I’m sure it is with great relief we’ve watched and listened to the news recently telling us that Britain’s economy seems well on the road to recovery. It’s especially heartening for those out of work and seeking employment. However, we need to ensure this good news story does not get tainted by events which are within our control.

When we entered the most recent recession in late 2008 many people expressed concern that workplace injury and fatality rates would go up, largely as a result of companies cutting corners to save costs as times became harder. But those fears did not materialise. Injury and fatality rates have actually continued to improve in spite of recession.

The statistics clearly show the same thing has happened in previous economic recessions. But those same statistics tell a cautionary tale which we need to heed as we emerge from the economic gloom. Previous recoveries following a downturn have seen an increase in injury and fatality rates.

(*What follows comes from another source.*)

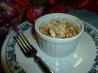 Buffalo Chicken and Noodle Ramekins #RSC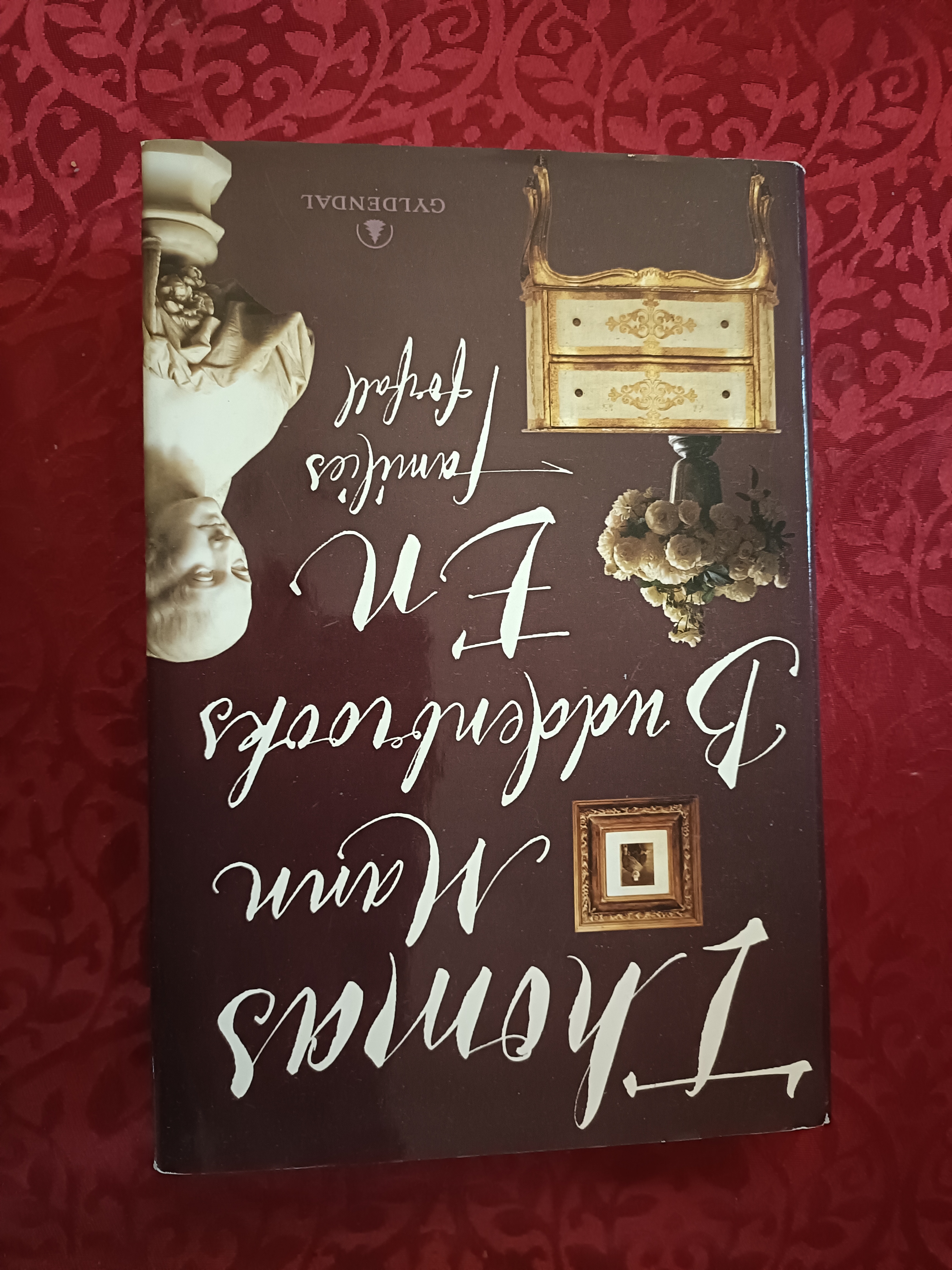 Buddenbrooks. En families forfall. Oversatt fra tysk av Per Paulsen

Could there be an explanation for why this happens? Well, there is and here it is. Take a look at this graph here:

It clearly shows that young and inexperienced recruits who are new to a workplace are THREE TIMES more likely to be killed or injured than their experienced workmates who have been there for a year or more.

So, during a recession when there is very little recruitment safety performance improves, but the recruitment that accompanies recovery has, in the past led to increased injuries as people return to the workplace and the new recruits are the workers most at risk.

We have to ask ourselves, is it inevitable that this pattern will repeat itself? I don’t believe it is, because if we recognise the potential problem we can do some simple things to stop it happening again.

New recruits must be properly trained – no matter how urgent the job in hand productivity and morale will suffer if your newest recruit is seriously hurt in his or her first few weeks in the job. Asking other more experienced people to look out for the new ones is easy to do and can make a big difference. A number of industry sectors use a simple system of getting new recruits to wear a different colour safety helmet or overall for the first few weeks/months so their work colleagues know they may need extra help/advice to stay safe.

I would like us all to commit to making this economic recovery different, by making it one where safety performance continues to improve. Recognising the problem is half the battle – now let’s fix it.